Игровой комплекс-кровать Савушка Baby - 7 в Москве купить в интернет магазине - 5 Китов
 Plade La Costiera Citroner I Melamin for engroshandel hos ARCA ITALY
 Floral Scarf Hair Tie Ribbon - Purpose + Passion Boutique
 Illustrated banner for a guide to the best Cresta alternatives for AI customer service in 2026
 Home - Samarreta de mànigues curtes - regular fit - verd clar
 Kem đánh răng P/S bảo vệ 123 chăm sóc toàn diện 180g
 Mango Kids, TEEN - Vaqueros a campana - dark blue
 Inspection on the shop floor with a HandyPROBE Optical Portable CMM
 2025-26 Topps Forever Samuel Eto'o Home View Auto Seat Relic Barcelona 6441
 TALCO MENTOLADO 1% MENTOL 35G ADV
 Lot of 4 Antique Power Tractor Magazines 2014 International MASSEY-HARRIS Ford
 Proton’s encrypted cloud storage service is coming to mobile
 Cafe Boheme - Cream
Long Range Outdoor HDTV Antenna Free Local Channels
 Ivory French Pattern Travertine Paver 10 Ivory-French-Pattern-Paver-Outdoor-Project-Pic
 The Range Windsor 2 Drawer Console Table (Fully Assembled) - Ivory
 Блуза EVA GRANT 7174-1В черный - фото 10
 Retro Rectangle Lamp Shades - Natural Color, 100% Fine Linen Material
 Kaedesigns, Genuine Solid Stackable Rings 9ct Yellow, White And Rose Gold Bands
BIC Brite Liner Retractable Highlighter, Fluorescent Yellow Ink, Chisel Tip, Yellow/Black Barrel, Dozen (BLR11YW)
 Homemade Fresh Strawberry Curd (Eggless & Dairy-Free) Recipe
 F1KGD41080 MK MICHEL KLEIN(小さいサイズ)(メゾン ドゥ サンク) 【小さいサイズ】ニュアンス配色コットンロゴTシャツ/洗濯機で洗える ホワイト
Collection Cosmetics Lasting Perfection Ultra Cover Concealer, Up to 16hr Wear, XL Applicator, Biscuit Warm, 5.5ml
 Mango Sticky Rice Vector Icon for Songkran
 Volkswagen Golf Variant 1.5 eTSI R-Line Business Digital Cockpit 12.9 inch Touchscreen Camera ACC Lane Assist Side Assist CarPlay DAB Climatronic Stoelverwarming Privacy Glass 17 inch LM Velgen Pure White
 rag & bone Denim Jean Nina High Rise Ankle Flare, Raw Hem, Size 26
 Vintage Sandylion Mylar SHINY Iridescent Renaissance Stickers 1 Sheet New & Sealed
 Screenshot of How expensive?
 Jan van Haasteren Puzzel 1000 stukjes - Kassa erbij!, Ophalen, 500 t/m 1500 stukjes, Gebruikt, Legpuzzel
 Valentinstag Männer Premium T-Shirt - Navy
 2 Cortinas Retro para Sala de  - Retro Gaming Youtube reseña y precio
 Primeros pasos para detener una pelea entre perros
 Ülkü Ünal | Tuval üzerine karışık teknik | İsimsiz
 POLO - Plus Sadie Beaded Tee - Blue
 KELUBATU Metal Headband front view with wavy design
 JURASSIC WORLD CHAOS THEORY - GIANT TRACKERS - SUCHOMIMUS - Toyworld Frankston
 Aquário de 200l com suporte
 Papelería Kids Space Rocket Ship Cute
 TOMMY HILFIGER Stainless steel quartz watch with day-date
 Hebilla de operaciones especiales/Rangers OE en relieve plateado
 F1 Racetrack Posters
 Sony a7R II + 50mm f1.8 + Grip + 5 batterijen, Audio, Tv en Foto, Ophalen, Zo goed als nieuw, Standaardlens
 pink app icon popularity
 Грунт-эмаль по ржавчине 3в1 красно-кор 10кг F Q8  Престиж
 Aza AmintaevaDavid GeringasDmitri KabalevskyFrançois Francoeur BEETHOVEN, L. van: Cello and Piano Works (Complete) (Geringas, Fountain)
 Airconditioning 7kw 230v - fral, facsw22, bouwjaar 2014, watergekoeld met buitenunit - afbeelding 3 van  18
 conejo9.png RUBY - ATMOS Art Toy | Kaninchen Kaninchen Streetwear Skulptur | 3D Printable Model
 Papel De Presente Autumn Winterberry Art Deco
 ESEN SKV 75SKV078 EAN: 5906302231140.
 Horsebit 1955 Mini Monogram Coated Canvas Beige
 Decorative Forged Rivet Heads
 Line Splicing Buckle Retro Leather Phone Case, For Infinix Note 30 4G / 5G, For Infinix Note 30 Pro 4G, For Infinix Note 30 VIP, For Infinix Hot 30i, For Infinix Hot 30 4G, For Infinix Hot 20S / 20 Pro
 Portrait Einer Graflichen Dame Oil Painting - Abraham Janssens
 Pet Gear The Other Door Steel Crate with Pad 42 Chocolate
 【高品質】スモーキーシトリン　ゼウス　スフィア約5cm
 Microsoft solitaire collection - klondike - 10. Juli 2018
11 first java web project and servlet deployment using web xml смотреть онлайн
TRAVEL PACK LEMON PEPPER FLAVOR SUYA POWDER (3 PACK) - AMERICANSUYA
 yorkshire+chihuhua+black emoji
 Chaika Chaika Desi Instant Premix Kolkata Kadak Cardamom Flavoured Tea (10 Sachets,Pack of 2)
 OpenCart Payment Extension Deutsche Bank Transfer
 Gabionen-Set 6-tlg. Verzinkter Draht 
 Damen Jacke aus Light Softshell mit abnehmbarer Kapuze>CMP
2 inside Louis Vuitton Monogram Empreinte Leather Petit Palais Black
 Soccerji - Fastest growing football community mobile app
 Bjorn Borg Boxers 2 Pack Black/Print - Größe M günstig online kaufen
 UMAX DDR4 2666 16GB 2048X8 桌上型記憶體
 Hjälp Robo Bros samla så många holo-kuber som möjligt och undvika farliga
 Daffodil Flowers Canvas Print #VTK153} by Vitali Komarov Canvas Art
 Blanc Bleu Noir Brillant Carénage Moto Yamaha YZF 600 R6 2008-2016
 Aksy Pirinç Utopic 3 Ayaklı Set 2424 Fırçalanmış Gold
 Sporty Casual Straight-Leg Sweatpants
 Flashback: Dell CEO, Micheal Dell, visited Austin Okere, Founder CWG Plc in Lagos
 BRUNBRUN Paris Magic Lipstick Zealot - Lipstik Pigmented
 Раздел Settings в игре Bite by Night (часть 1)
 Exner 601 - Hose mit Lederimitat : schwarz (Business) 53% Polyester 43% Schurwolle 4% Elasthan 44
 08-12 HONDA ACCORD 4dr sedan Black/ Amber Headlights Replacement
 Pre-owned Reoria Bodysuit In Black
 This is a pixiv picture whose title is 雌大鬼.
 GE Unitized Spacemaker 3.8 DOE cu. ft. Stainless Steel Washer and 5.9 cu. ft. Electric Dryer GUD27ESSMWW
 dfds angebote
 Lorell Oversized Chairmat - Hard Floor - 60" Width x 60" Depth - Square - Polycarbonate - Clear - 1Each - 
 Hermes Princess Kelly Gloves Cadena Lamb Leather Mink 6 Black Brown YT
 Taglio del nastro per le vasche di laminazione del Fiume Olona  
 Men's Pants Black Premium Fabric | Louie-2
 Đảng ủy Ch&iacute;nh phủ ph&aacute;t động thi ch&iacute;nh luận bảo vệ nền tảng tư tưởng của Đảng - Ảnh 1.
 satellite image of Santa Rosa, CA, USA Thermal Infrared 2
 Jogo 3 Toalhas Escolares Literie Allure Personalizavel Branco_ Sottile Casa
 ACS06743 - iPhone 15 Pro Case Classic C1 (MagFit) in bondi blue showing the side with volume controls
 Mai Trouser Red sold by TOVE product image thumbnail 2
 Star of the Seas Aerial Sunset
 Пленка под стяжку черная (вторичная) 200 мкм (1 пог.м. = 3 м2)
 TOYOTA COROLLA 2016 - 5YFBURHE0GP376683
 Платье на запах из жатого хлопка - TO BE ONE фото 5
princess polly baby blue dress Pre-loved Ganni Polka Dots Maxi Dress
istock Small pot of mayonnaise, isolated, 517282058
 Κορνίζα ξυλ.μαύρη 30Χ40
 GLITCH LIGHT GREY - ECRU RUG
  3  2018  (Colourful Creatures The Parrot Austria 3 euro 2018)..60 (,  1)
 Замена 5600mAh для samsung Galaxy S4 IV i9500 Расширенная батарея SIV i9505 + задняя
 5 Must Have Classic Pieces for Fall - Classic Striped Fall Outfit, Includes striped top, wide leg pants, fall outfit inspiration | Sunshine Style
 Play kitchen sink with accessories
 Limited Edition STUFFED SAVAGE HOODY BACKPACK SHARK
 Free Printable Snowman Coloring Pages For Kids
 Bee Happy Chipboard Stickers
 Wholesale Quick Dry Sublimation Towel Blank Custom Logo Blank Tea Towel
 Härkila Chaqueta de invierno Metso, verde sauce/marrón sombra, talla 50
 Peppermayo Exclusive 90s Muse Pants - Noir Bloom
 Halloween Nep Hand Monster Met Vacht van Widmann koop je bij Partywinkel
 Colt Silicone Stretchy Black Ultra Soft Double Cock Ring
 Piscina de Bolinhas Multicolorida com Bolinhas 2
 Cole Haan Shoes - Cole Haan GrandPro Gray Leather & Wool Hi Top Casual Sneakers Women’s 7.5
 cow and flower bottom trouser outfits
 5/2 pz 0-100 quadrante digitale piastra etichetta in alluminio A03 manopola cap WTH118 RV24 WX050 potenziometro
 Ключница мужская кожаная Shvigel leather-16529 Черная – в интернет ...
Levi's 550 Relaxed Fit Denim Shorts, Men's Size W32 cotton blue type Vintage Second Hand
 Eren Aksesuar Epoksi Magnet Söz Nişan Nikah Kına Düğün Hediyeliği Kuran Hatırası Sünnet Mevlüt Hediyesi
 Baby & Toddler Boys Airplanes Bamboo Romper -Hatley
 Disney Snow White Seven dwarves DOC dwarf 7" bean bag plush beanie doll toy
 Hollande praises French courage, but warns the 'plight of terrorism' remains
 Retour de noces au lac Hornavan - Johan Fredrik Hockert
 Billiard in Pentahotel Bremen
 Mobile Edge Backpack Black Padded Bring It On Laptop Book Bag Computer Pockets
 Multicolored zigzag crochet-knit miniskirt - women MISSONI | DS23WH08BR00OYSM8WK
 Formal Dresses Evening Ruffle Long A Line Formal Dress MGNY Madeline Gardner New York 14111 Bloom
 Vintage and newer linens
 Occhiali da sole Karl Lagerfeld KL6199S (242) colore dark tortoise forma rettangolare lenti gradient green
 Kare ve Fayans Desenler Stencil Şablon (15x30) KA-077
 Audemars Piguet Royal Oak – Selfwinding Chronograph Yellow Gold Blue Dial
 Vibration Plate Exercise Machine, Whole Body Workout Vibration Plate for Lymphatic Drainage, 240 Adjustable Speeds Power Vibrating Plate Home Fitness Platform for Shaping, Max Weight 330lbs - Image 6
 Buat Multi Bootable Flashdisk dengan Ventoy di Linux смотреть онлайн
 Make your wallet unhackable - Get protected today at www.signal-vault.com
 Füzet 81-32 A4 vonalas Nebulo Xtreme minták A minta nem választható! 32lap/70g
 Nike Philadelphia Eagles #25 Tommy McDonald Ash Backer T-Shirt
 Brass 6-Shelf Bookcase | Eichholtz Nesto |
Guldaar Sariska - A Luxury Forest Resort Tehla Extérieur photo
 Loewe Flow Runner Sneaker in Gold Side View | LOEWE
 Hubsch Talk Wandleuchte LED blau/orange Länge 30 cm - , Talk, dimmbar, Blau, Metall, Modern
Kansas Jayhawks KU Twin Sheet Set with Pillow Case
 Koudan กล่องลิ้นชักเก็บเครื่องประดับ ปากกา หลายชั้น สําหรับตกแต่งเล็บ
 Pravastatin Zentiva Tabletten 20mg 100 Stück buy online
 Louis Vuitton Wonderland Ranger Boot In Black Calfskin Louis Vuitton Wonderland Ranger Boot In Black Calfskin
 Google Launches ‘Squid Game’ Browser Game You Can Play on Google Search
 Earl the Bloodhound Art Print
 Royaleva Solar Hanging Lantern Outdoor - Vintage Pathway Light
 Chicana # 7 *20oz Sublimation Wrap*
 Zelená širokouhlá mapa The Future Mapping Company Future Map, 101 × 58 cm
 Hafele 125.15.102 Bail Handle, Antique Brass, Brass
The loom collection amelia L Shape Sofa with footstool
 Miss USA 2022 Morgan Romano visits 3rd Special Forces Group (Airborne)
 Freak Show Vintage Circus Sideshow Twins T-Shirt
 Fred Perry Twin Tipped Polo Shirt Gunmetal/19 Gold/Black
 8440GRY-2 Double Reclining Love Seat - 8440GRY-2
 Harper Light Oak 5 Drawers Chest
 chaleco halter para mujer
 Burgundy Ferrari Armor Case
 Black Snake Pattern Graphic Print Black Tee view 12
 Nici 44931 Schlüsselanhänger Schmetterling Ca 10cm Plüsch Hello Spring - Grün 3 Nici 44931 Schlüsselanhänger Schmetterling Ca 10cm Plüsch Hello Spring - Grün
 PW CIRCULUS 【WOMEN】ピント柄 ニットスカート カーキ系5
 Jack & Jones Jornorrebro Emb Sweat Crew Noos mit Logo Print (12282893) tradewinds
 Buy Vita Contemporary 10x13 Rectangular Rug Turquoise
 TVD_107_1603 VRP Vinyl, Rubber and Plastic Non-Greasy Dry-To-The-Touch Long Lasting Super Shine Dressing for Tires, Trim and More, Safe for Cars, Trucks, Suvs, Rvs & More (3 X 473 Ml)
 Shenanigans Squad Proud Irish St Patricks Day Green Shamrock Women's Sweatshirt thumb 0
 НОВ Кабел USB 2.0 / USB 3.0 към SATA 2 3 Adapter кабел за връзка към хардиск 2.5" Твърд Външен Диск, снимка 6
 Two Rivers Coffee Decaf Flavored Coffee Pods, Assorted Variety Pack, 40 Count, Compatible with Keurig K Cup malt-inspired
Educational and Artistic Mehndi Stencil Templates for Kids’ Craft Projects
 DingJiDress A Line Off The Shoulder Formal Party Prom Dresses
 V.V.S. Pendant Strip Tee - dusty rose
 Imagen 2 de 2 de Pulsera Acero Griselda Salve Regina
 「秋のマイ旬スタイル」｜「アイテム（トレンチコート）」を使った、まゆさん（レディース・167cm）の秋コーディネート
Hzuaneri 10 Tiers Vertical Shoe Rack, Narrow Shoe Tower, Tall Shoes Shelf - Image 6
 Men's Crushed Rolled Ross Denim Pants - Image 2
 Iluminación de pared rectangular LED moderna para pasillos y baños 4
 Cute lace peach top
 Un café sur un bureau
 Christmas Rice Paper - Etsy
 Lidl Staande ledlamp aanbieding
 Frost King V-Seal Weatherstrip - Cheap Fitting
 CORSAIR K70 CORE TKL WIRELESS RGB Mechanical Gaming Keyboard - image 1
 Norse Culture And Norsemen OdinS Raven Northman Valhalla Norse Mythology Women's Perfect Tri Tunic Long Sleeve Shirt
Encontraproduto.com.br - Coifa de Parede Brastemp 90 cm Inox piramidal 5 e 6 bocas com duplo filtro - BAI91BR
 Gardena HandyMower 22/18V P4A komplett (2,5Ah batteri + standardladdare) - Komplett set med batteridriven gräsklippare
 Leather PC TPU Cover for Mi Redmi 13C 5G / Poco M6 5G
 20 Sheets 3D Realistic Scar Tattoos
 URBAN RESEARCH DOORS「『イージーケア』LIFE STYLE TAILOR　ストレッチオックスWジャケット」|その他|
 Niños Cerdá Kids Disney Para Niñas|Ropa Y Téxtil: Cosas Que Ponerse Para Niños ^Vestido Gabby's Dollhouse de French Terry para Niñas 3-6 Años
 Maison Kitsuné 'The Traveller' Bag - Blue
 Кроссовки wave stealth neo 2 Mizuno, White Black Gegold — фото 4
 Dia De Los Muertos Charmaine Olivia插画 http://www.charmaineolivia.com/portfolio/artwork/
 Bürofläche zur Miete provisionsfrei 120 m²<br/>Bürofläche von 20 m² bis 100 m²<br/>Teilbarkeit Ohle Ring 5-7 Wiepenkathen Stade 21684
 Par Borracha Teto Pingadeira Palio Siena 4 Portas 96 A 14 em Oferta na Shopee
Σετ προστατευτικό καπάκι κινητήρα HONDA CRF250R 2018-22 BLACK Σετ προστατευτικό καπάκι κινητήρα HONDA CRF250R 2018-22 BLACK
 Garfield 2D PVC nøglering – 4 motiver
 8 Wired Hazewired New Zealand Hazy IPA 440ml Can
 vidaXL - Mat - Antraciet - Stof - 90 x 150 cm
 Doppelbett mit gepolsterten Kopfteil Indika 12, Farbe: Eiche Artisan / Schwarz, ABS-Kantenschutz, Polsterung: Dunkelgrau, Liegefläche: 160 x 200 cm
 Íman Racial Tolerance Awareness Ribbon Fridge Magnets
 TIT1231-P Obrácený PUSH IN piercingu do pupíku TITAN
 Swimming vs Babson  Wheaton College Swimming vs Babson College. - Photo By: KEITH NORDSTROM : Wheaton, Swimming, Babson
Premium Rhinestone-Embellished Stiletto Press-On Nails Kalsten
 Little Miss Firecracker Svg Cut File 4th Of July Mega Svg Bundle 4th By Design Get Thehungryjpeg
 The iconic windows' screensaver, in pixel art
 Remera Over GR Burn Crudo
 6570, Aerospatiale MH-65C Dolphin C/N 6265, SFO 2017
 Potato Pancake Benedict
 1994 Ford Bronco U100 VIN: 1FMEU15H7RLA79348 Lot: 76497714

§ **WHAT YOU WILL DO**: Copy all lines of the listing above that contain the string "Louis".

§ **SOLUTION FOR THIS EXERCISE**:
2 inside Louis Vuitton Monogram Empreinte Leather Petit Palais Black
 Louis Vuitton Wonderland Ranger Boot In Black Calfskin Louis Vuitton Wonderland Ranger Boot In Black Calfskin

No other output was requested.